Dr Tony Fernando pays it forward by teaching mindfulness to prisoners
Every Wednesday morning, Dr Tony Fernando, a psychiatrist and sleep medicine specialist, would clear his busy schedule and spend an hour at the Mt Eden Corrections Facility in Auckland.
There, Tony would run a one-hour mindfulness and emotional balance programme for the inmates.
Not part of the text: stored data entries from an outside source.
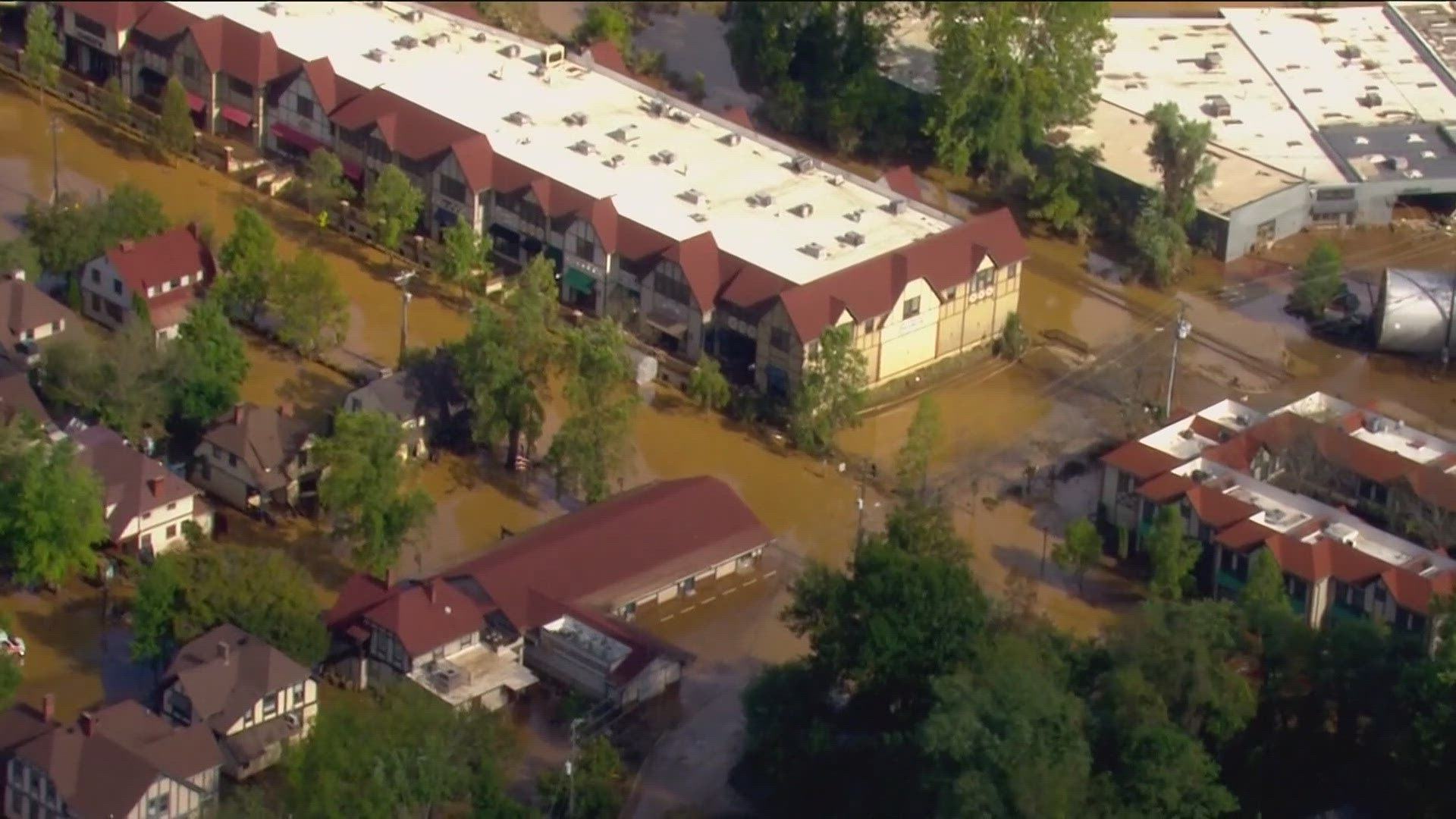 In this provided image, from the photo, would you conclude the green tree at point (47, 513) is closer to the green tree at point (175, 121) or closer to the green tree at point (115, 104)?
the green tree at point (175, 121)

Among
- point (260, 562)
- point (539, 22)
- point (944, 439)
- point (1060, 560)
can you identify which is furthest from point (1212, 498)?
point (539, 22)

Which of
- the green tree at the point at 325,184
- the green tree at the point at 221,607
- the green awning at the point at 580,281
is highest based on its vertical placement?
the green tree at the point at 325,184

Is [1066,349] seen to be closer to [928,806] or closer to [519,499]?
[519,499]

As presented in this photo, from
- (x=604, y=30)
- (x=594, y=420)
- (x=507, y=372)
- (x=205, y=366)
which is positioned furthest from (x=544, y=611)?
(x=604, y=30)

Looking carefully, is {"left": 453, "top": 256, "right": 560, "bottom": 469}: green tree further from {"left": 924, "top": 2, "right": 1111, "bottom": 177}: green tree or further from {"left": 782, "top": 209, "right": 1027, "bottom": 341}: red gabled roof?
{"left": 924, "top": 2, "right": 1111, "bottom": 177}: green tree

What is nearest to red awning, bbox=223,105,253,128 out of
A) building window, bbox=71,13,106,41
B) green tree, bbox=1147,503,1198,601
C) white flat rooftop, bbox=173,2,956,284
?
white flat rooftop, bbox=173,2,956,284

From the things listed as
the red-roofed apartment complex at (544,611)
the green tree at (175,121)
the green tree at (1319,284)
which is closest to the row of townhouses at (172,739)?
the red-roofed apartment complex at (544,611) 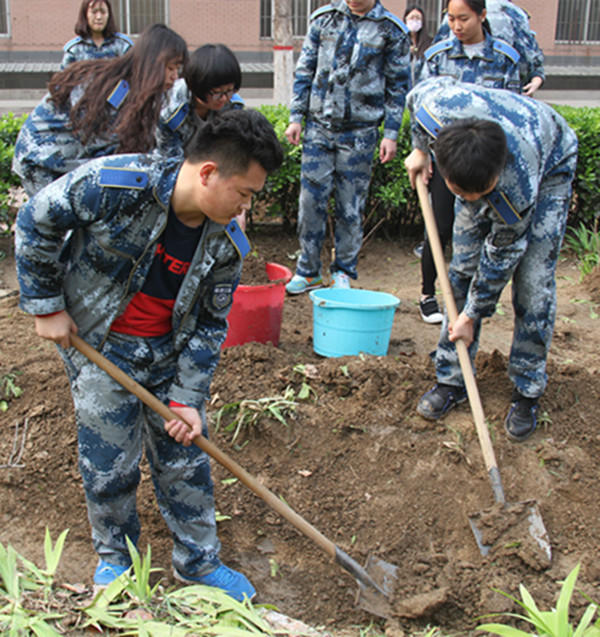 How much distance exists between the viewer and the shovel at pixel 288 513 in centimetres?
221

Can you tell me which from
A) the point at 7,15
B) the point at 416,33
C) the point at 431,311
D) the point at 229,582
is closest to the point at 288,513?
the point at 229,582

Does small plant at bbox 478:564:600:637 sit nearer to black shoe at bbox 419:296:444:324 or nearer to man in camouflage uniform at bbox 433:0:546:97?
black shoe at bbox 419:296:444:324

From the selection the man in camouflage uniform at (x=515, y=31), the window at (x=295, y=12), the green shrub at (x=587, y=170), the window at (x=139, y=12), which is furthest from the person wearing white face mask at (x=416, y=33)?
the window at (x=139, y=12)

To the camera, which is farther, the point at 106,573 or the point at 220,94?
the point at 220,94

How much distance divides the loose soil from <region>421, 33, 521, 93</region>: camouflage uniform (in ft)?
5.74

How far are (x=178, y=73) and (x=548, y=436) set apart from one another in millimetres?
2623

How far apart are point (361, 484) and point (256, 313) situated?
4.02ft

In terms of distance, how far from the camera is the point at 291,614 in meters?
2.64

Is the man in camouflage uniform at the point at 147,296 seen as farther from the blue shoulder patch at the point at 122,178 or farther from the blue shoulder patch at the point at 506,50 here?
the blue shoulder patch at the point at 506,50

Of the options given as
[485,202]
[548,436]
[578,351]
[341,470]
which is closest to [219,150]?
[485,202]

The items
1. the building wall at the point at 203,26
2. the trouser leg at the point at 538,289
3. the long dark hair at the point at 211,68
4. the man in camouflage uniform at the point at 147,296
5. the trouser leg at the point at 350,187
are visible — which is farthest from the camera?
the building wall at the point at 203,26

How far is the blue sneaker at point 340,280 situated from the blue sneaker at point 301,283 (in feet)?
0.63

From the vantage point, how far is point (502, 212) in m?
2.86

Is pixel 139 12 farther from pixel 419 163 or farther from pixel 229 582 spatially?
pixel 229 582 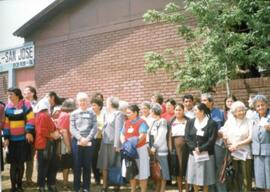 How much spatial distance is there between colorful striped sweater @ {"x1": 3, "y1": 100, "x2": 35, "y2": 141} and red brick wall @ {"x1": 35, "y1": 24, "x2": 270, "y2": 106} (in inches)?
145

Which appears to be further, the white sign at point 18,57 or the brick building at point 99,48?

This went on for nearly two years and stopped only when Covid prompted a national lockdown in New Zealand.
While he is sure the prisoners benefited from the sessions, “I got so much more from their stories and also from the concept of common humanity,” says Tony, a former senior lecturer at the Faculty of Medical and Health Sciences at the University of Auckland.
“Common humanity is a basis for compassion, it is a way of thinking that all of us are the same and not just theoretically,” says Tony, who is also a former ordained Buddhist monk.
“What the prisoners are experiencing in terms of feeling isolated or feeling neglected or feeling unliked, all of us feel that once in a while,” says Tony. “We actually all share the same mindsets but of course [with] different degrees."
Tony learned how the courses benefited the prisoners during his one-on-one conversations with them. “They don’t want to talk about it openly with others because as a prisoner, you do not want to show vulnerability to others.”
One inmate told him that he suffered from an anxiety attack every time he heard the slamming of steel doors. “This could happen several times a day, it’s like overkill,” says Tony, as there would be a steel door for the whole block and for each cell. The inmate said after doing very basic mindfulness practice, the anxiety attacks went away.
Tony says part of the training involved prisoners paying attention to their breath, body, thoughts and emotions.
“Knowing how the mind works is crucial,” says Tony. “Essentially, what I am telling a lot of the prisoners is we become prisoners of our minds. You can be in prison but if your mind is at peace, your quality of life will actually be better.”
Beyond giving back
Asked whether this project was his way of ‘giving back’ to the wider New Zealand community where he has had nearly three decades of a thriving medical and teaching career, Tony says this goes further.
“Giving back is good, the downside is it is like giving payments,” says Tony, who prefers the term ‘paying it forward’.
“Paying it forward is a specific way of expressing common humanity,” says Tony, who has just written a book on the topic, Life Hacks from the Buddha, that is scheduled to be published next year.
He states: “My attitude or motto is ‘to be of benefit’ which can be in speech, thought or action, regardless of potential payback. Paying it forward is one manifestation of this. This is not all altruistic as I definitely benefit from the good acts as well.”
“If you have given freely, you can be bitten by the generosity bug because it registers a good feeling in your brain. Our brain rewards us when we share.”
Generosity changes lives
Tony says one of the higher levels of generosity is giving without acknowledgement, and the highest form is giving teachings of the Dharma (a way of life that is aligned with the teaching of the Buddha) that actually change lives.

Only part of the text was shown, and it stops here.